▸ WHAT IS BEING ASKED
The whole listing, exactly as given: write it out, leaving out each image.

▸ DATA EXCERPT
•••••
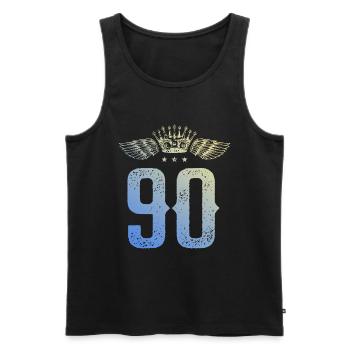 90 Zahl Krone - Männer Premium Bio Tank Top - Schwarz - Vorne - Michal (187cm)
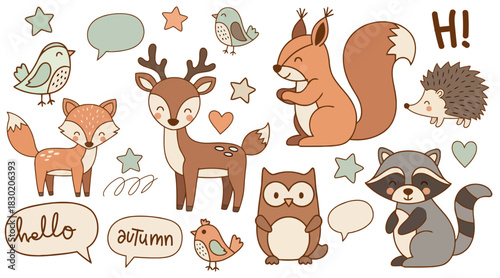 Doodle animal set, collection of adorable illustration characters, spring, birds, deer, squirrel, raccoon, owl. hedgehog isolated on white background.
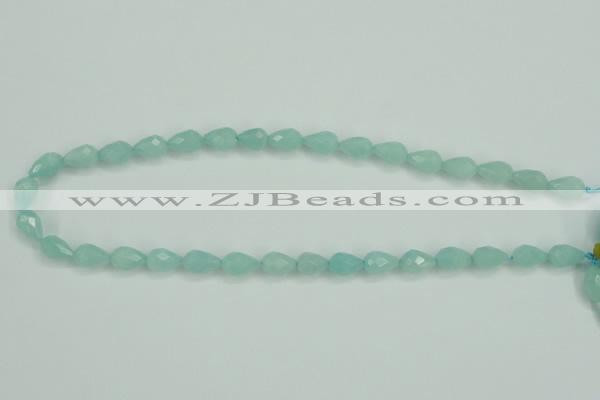 CAM141 15.5 inches 8*12mm faceted teardrop amazonite gemstone beads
•••••
▸ RESPONSE
 90 Zahl Krone - Männer Premium Bio Tank Top - Schwarz - Vorne - Michal (187cm)
 Doodle animal set, collection of adorable illustration characters, spring, birds, deer, squirrel, raccoon, owl. hedgehog isolated on white background.
 CAM141 15.5 inches 8*12mm faceted teardrop amazonite gemstone beads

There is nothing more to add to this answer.